Conventional views of minimum competence imagine a “bucket” of memorized legal rules and a few skills that new lawyers use to “scoop and serve.” This is a view the current bar reflects, according to the study. The current bar tests the ability to recall a large number of specific rules, their application, analysis of materials present in a case file and writing under tight time constraints.
However, the report suggests that minimum competency is more complex.
The “unequivocal” findings of the project showed that virtually no new lawyers rely on memory for anything, Cornett said. Competent lawyers take time and research everything before coming to a conclusion or deciding strategy.
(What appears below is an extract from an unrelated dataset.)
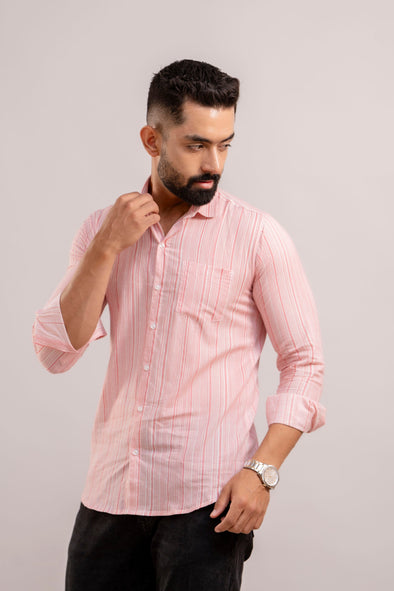 Men Pink Striped Printed Full Sleeves Casual Cotton Shirt-FrionKandy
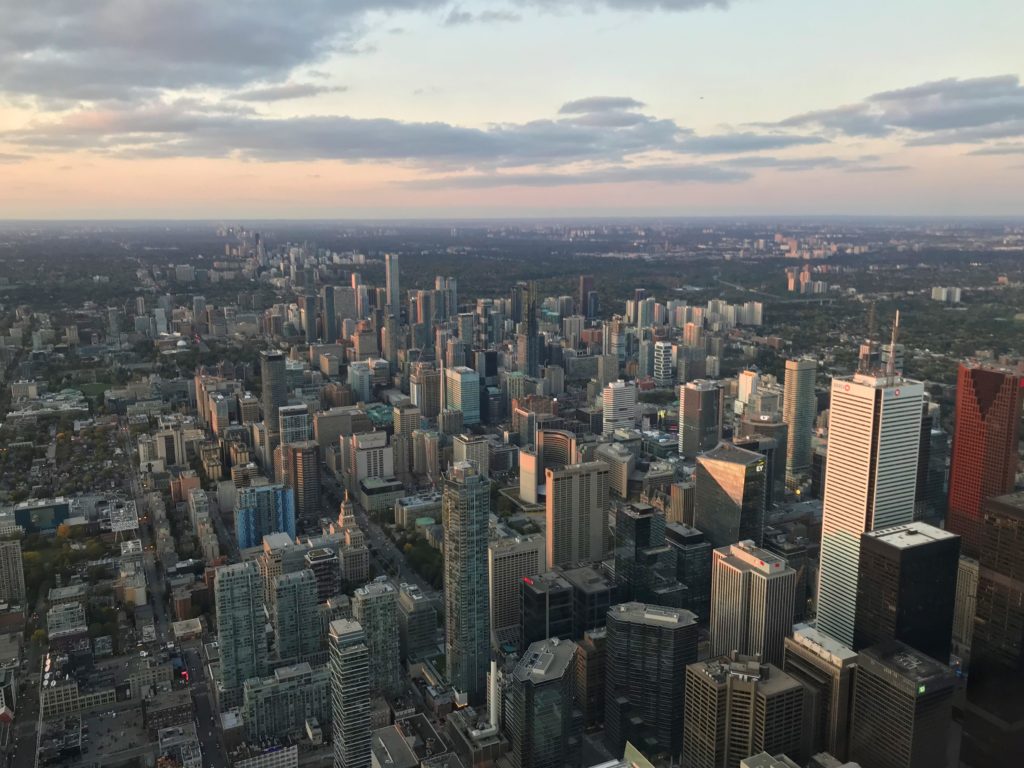 Toronto by sunset as seen from the CN Tower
“New lawyers in our focus groups did not base their first year of practice on a static set of rules and skills that they carried into the workplace,” the study states. Rarely did new lawyers rely on legal rules memorized from law school or for the bar — instead, they drew on more basic concepts and research skills to ID specific rules needed to represent clients effectively.
Instead, the report suggests professional competencies, like the ability to take individual responsibility and characteristics like trustworthiness, were most often considered immediately necessary when entering practice, Cornett said. However, legal skills were considered skills to be developed over time.
“This led us to question long-held assumptions about what minimum competence might entail,” she said. And while there’s long been skepticism about the efficacy and validity of the bar exam, “we were in desperate need of data to understand whether the skeptics were standing on firm ground.”
New lawyers also reported they lacked key knowledge surrounding the legal system, like the role of administrative agencies and alternative dispute resolution practices, according to the study.
“They also scrambled to acquire skills — such as interviewing, fact gathering, counseling, and negotiating — that were essential to competent practice,” the study states. “Preparing for the current bar exam gave them knowledge they did not need, while omitting knowledge and skills they did need.”
Despite the opinion of some law students, Cornett doesn’t believe the bar exam is purposely created as a hazing ritual. She said she thinks bar examiners want to protect the public and ensure examinees are minimally competent to be licensed.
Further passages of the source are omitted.